-- Records for the exercise follows --

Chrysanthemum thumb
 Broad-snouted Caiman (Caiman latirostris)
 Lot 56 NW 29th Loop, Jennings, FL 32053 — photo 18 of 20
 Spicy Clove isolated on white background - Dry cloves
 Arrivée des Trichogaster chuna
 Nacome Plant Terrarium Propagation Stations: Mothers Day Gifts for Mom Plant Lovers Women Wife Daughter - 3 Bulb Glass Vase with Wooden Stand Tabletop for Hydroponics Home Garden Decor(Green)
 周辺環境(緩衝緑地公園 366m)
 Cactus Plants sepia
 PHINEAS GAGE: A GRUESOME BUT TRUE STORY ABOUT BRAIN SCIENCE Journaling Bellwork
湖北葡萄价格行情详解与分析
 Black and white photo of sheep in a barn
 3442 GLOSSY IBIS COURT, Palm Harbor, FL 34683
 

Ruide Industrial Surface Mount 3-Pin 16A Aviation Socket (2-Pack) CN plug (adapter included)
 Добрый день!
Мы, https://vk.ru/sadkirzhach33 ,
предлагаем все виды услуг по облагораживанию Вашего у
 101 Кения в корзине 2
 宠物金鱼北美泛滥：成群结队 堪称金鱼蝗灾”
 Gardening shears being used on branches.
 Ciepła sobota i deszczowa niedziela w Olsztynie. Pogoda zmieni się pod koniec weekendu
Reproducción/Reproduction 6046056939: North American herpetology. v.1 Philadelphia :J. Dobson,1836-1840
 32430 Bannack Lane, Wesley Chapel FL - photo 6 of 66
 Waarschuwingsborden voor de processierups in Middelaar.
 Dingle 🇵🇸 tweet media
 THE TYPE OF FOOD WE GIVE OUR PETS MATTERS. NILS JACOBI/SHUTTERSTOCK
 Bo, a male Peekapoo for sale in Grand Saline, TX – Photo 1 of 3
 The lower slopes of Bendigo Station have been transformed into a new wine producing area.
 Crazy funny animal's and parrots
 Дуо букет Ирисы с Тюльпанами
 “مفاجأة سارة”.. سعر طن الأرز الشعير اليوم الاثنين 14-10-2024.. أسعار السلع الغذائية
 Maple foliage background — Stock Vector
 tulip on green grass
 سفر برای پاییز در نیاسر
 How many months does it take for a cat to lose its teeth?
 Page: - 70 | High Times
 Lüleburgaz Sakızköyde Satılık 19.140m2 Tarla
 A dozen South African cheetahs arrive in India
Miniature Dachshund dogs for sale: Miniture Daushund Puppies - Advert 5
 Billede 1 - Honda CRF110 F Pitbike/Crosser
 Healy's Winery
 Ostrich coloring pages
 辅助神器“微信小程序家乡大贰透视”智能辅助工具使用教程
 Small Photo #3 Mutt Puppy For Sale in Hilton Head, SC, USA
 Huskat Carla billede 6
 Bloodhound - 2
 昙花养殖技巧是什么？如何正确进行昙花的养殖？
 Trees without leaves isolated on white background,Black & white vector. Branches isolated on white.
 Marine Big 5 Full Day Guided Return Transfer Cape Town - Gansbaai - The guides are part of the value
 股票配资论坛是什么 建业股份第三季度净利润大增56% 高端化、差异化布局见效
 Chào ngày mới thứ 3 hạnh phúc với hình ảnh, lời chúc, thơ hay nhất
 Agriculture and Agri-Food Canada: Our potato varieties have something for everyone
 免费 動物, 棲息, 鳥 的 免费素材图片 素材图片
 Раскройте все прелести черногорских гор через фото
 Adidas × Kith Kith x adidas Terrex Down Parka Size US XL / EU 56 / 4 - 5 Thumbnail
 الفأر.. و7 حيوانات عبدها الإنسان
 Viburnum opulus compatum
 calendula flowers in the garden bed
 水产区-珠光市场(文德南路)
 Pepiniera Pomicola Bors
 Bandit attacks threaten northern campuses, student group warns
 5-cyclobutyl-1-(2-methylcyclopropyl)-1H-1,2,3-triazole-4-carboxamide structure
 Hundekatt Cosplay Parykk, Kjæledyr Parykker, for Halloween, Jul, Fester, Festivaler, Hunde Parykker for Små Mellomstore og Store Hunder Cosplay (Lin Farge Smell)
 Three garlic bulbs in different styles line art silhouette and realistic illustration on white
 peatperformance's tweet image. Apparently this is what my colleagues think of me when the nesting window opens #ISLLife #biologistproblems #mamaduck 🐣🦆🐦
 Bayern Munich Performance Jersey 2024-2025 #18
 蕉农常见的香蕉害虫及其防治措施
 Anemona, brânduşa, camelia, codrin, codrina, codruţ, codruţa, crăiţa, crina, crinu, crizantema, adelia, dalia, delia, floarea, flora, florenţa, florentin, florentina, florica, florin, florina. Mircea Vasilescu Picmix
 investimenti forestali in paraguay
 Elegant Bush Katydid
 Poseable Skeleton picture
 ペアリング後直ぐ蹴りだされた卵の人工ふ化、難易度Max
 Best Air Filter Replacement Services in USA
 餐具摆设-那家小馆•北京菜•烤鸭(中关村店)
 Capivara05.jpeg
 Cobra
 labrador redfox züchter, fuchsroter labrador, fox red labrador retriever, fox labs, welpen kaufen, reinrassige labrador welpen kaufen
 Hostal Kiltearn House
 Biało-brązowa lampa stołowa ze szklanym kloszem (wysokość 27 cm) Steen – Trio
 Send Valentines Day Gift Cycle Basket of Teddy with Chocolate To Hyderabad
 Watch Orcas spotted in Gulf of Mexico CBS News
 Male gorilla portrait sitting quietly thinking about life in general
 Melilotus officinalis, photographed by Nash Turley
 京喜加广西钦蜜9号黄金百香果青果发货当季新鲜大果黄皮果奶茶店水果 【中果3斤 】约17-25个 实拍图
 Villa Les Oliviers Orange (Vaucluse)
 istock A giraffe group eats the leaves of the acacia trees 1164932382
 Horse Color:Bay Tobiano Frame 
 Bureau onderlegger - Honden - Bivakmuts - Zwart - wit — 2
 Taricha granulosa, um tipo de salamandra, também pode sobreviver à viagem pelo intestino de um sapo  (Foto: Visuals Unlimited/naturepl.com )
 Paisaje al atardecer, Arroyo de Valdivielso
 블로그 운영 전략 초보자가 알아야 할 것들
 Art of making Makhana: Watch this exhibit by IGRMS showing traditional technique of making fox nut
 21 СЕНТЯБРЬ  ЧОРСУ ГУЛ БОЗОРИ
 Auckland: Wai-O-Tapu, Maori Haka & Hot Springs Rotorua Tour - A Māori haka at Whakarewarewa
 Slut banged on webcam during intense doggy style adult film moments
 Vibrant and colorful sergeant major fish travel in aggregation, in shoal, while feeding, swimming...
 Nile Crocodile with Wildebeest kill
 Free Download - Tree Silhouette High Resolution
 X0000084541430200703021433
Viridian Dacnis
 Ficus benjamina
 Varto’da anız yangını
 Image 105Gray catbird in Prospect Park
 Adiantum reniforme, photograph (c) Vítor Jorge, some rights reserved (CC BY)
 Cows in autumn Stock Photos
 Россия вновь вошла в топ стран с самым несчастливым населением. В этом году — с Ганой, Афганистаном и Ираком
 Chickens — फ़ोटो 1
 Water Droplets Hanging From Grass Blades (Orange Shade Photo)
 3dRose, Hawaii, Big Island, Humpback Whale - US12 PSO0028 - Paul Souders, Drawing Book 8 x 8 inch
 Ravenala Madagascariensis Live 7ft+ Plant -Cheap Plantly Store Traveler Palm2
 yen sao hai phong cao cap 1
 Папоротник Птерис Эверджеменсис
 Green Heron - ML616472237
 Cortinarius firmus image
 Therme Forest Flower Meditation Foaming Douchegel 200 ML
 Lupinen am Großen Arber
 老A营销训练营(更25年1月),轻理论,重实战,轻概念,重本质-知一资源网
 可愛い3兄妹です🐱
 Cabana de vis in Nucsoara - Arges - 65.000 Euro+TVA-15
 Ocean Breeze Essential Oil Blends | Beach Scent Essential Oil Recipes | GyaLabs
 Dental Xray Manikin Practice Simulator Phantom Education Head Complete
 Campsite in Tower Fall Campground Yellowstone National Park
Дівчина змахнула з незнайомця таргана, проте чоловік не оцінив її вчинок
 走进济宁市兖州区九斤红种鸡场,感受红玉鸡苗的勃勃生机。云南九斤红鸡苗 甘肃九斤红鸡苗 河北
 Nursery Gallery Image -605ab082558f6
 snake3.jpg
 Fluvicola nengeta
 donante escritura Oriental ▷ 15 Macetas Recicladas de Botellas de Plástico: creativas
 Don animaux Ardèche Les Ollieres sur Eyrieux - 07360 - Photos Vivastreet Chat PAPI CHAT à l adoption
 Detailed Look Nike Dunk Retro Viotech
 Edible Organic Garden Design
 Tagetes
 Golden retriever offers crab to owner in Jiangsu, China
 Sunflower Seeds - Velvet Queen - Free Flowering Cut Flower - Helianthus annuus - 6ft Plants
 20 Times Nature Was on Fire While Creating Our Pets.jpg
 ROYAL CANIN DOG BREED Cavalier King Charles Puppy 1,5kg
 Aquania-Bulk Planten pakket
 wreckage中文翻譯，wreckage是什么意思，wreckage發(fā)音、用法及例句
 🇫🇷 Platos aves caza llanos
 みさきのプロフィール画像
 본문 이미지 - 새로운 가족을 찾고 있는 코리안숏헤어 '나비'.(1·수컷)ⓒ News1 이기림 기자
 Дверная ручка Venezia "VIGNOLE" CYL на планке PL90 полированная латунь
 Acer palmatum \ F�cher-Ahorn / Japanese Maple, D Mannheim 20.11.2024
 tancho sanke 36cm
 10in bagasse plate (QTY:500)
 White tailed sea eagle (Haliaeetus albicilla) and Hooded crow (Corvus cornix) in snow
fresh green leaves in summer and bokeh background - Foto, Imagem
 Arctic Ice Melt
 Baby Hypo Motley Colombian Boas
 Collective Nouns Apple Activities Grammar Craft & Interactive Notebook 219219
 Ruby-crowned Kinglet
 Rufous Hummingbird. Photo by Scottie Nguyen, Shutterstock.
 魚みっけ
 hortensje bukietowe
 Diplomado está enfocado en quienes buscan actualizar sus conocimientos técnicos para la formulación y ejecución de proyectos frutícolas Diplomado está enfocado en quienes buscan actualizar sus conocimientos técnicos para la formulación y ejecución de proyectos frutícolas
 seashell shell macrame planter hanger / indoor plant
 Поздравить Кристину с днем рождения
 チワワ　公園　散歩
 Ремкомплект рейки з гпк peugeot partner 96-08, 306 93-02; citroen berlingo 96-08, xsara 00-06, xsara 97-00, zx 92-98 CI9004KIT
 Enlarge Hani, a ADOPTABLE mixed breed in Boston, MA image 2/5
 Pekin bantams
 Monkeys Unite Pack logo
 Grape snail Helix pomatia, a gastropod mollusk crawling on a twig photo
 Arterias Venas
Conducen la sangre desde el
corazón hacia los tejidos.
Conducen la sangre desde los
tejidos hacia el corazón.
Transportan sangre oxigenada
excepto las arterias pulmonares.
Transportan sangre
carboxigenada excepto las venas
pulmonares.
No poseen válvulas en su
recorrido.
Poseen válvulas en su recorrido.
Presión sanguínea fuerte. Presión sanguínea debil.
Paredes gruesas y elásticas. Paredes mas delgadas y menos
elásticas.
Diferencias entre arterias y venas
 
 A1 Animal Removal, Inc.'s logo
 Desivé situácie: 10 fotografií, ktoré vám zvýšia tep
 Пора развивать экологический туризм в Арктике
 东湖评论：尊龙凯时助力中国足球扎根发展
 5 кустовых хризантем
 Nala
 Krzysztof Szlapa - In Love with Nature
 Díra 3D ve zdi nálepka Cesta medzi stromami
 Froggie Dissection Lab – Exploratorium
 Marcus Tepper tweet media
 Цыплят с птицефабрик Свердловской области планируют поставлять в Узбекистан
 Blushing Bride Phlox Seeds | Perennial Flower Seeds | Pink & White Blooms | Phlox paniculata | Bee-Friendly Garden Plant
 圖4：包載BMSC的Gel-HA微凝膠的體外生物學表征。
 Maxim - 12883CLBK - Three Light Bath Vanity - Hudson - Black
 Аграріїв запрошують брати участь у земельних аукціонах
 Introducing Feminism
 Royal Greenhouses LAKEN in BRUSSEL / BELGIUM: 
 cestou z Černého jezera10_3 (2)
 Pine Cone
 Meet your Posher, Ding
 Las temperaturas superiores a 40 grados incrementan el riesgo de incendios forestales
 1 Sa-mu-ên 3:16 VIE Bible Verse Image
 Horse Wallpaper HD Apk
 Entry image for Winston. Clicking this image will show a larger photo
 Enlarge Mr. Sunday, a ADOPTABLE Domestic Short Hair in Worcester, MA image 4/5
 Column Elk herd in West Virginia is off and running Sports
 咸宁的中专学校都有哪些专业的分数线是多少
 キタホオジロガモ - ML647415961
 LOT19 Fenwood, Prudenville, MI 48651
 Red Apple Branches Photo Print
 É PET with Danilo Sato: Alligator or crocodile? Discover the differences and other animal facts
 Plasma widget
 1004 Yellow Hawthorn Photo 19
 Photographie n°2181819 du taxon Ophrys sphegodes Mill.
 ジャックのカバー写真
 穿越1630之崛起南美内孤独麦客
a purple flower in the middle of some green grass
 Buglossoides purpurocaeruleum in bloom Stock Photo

-- Records for the exercise concluded --

What you will do => Look through the records for the word "Apple". Every line that has it should be copied.

Completed task =>
 Collective Nouns Apple Activities Grammar Craft & Interactive Notebook 219219
 Red Apple Branches Photo Print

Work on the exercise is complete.